Strategy: Take back the charter.
Although corporate charters may have little to do with environmental sustainability on the surface, their status is critical to any long-term movement toward restoration of the environment. Read "Taking Care of Business: Citizenship and Charter of Incorporation," a pamphlet by Richard Grossman and Frank T. Adams (Charter Ink, PO Box 806, Cambridge, MA 02140; 508-487-3151; 1992). In it you will find a history of lost corporate power and citizen involvement that addresses a basic and crucial point: corporations are chartered by, and exist at the behest of, citizens. Incorporation is not a right but a privilege granted by the state, one that includes certain considerations such as limited liability. Corporations are supposed to be under our ultimate authority, not the other way around.
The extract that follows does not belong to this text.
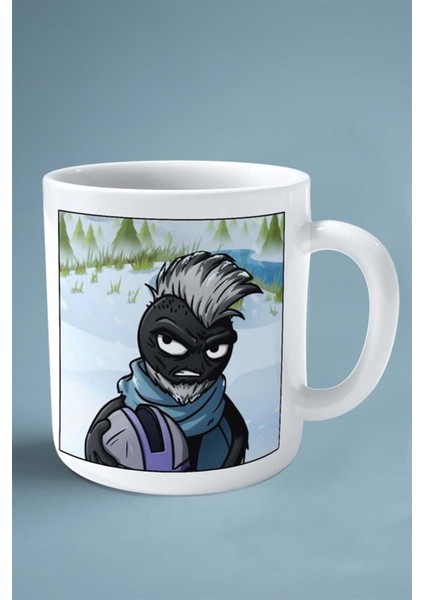 Stick War Mobil Oyun Baskılı Kupa Bardak Çift Taraflı Baskı Kişiye Özel Model 8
The charter of incorporation is a revocable dispensation that was supposed to ensure the accountability of the corporation to society as a whole.

When any corporation continually harms, abuses, or violates the public trust, citizens should have the right to initiate a process that would revoke the company's charter, cause it to disband, sell off its enterprises to other companies, and effectively go out of business. The workers would have jobs with the new owners, but the executives, directors, and management would be out of jobs, with a permanent notice on their rÉsumÉs that they managed a corporation into charter revocation. That would be not merely a deterrent to corporate abuse but a critical element of an ecological society, because it would create negative-feedback loops that would prompt accountability, citizen involvement, and learning.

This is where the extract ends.